Monday, August 01, 2016

Solitude and sweat at Merriweather Lewis

In a quiet corner of the campground at the Natchez Trace Parkway’s Merriweather Lewis unit, our only visitor came late at night. Fortunately, it was not the mostly naked man who loitered outside his camper in the tiniest blue shorts possible.

Had I bothered to lock up the cooler and picnic kit, our visitor might have skipped us altogether. The paw prints tell no lies, nor did the picnic kit crashing to the ground in the early a.m. An opportunistic raccoon scavenged for leftovers from our turkey dog roast. As I went outside he seemed as shocked as the crashing picnic set as we did. As soon as we crossed eyes, he darted into the dark, staying hidden until long after we packed our tent. 

I fretted about the camp’s first-come, first-serve policy – were we rolling the dice by heading up on a Saturday afternoon in deep summer Check any state park, Army Corps of Engineers property or public campground across the Southeast, and it likely had no vacancies. We decided to take a chance on Merriweather Lewis. My nature led me to expect we would arrive to a full campground. Who could resist the pull of a 30-spot free campground? Despite its location in a sparse area, I expected locals to claim all the spots. But I also tried not to sweat the chance we would be shut out.
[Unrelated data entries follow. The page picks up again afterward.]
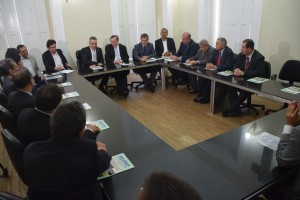 image (1)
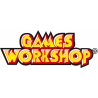 Games Workshop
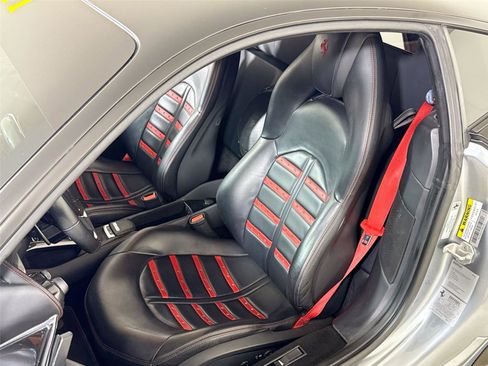 Used 2017 Ferrari 488 GTB image 10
Instead we pulled into a campground emptier than the one we found in April. The entire wing of the campground where we felt privileged to find a campsite was deserted save for one motor home. We picked a spot one away from our April choice, and paused for a picnic before setting up camp. As we assembled the tent a brief rainstorm rolled in and out. Afternoon’s still air was occasionally disrupted by ominous clouds but they disappeared by dusk, promising us a clear night. 
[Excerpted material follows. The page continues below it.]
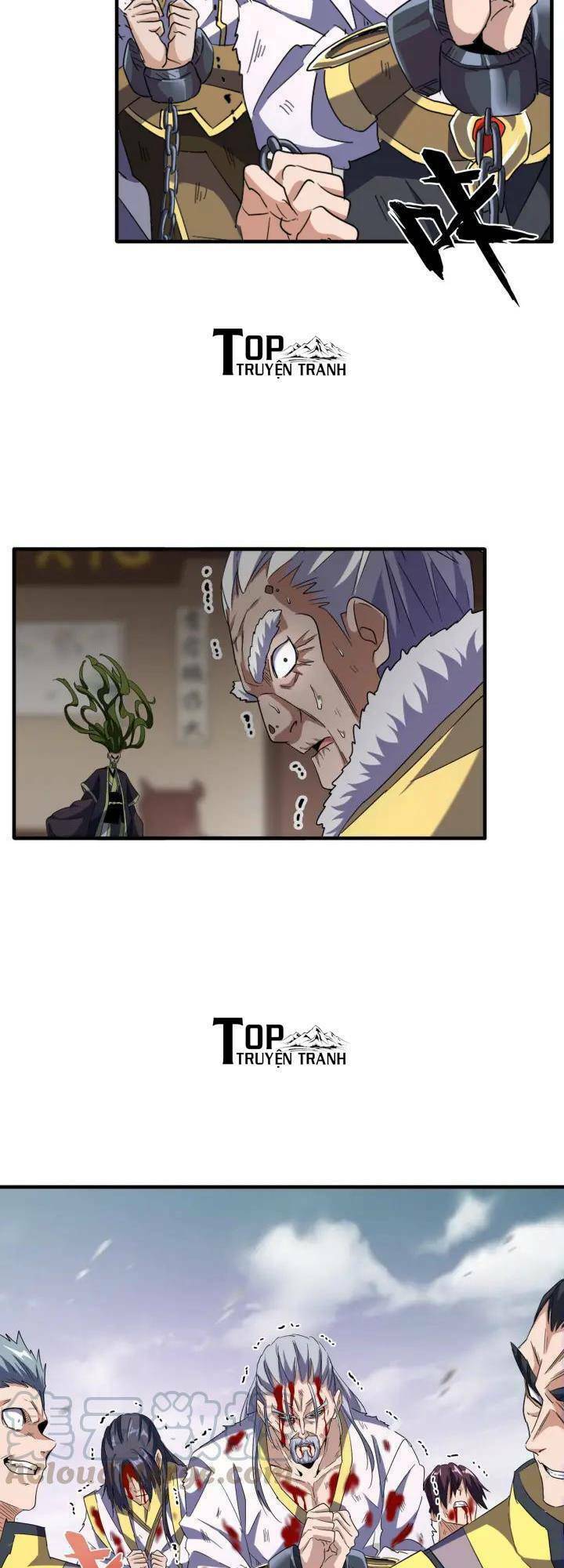 page_26.jpg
The 60-plus miles of scenic parkway breezed by, dumping us onto a less scenic detour in our shortest time ever. Despite the brutal temperatures and lack of cars, we even d a pair of young male deer, velvety bolts shooting up from their temples.

Even time we traverse the Trace, I’m amazed at the ignorance of its existence. I know lifelong Nashvillians who have never driven any section of the parkway. Tennessee doesn’t boast as much of the parkway as Mississippi (300 miles) or the scenic Tennessee River section in Alabama, but its section follows a ridgeline that draws visitors back to pioneer times.

Just a divide or two from the big city, we couldn’t feel farther away from Nashville when looking onto the Duck River or the massive farms that fill several valleys.

A lazy walk along the Old Trace does not illustrate the dangers of the old Southwest, the name for the region at the time it formed the western U.S. border. We only had to contend with the mostly naked man wandering around his camper. His outfit of tiny blue shorts and nothing else resembled Dancing Man, a one-off character on It’s Always Sunny in Philadelphia. At least he was easily ignored or avoided. We took the quick trip into Hohenwald for firewood then settled in. I spent close to an hour trying to ignite dampened firewood, a Firestarter of pine cones, needles and old editions of Texas Monthly finally bursting to a blaze worthy of hot dogs and S’mores.

Aside from the mostly naked man, no one occupied any of the campsites near our wing – no more than 10 of the 30 had occupants as twilight arrived. Silently we watched the light snare new color palettes through the trees, clouds producing a startling display to the west as the moon rose to our east. I walked to the bathroom house and upon emerging the world had emerged. Insects and possibly frogs chirped rhythmically, a pattern that would not cease until dawn broke. The rare lightning bug that crossed our path in the previous hour transformed into waves of them, thousands of bio-luminescent bugs pulsing for two hours past sundown. We watched the moon rise through the telescope Nancy just received as a gift.

In the morning, the woodpeckers that dominated the blooming trees of April finally made more than a passing appearance. Had they adjusted their schedule as the days grew longer and the Tennessee heat stagnated across their nesting grounds? It was a nice break in the morning, to see their red, black and white plumage through the thick, green canopy. As the heat accumulated early, we packed our gear and headed out, the mostly naked man still strutting around his camper.

East from the campsite, we took a rural, foothill route back to Nashville. A box turtle somehow lumbered across a narrow Lewis County road. We swerved to avoid it as its stubby claws reached the white line inches from the grass, its terrifying crawl successful. Not every turtle in Middle Tennessee survives so perilous a journey.